A quick glance of the PR hints towards a fairly limited scope of log files that
can be processed (though I could be wrong).
A good way to test the log reader should be to simply look at the web UI's
http://<hostname>:8047/logs link and pick out those logs for processing/parsing.
I did stitch up something using ELK (ElasticSearch+LogStash+Kibana) to process
Drill logs, but that was back in 2015. If we can get something like that into a
storage plugin for Drill, that would probably go much farther.

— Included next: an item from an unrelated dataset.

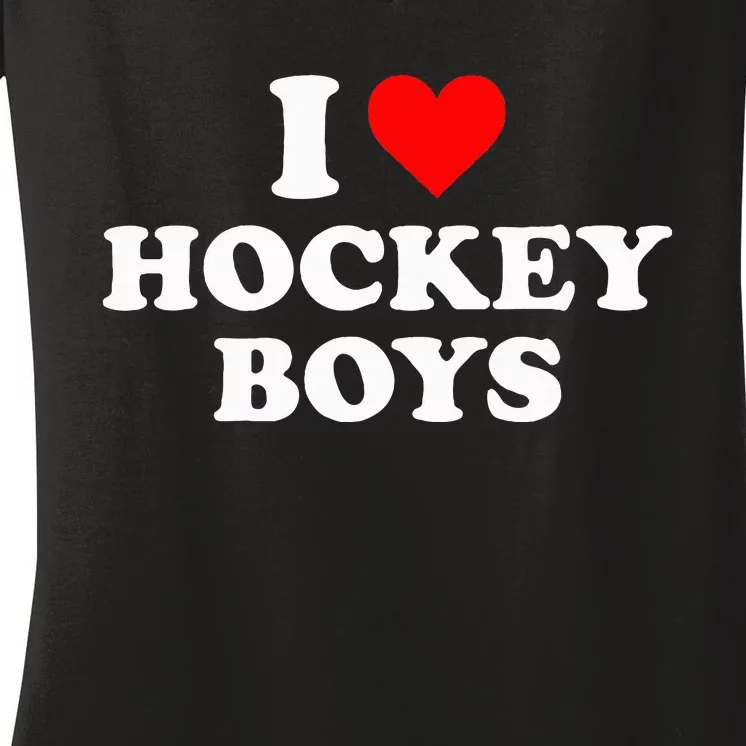 I Love Hockey B.O.Y.S Women's V-Neck T-Shirt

I could share
what I did back then and figure out a way to use that approach and libraries to
leverage this.
-----Original Message-----
From: Charles Givre [mailto:[email protected]]
Sent: Wednesday, February 07, 2018 1:08 PM
To: [email protected]
Subject: Re: Test cases for Drill-6104: Added Logfile Reader
Hi Kunal,
I just don’t know how to craft one with all the Drill internals. Is there an
example that I you can point me to?
> On Feb 7, 2018, at 18:38, Kunal Khatua <[email protected]> wrote:
>
> How about using the Drill logs as a use case?
>
> You have drillbit.out and drillbit_hostname.log to consume. It would be
> interesting to see how multiline log entries are handled.
>
> Logstash does an excellent job IMO, but that's more for parsing.
>
> -----Original Message-----
> From: Charles Givre [mailto:[email protected]]

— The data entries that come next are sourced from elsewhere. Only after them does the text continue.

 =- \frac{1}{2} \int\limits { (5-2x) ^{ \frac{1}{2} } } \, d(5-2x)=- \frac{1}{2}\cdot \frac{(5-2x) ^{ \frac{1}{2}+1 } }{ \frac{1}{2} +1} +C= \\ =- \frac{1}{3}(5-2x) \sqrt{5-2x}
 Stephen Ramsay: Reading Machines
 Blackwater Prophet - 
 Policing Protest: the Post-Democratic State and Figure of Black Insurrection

> Sent: Wednesday, February 07, 2018 2:32 AM
> To: [email protected]
> Subject: Test cases for Drill-6104: Added Logfile Reader
>
> Hello all,
> I submitted this PR for a logfile parser for Drill
> (https://urldefense.proofpoint.com/v2/url?u=https-3A__github.com_apache_drill_pull_1114&d=DwIFAg&c=cskdkSMqhcnjZxdQVpwTXg&r=-cT6otg6lpT_XkmYy7yg3A&m=oyYUEV4U-85UnHzphkWP57ikKiUPhdBpBw7F9HZGZZ4&s=rmM0FHOFV2_cyScnz1qtDz_zJpJjkPEB_2jT1WsujT0&e=
>
> <https://urldefense.proofpoint.com/v2/url?u=https-3A__github.com_apache_drill_pull_1114&d=DwIFAg&c=cskdkSMqhcnjZxdQVpwTXg&r=-cT6otg6lpT_XkmYy7yg3A&m=oyYUEV4U-85UnHzphkWP57ikKiUPhdBpBw7F9HZGZZ4&s=rmM0FHOFV2_cyScnz1qtDz_zJpJjkPEB_2jT1WsujT0&e=>)
> . I need to write unit tests for it, however I really have no idea how to
> do so. Could someone point me to an example or something so that the PR will
> pass the CI tests?
> TIA,
> - C
>
>
>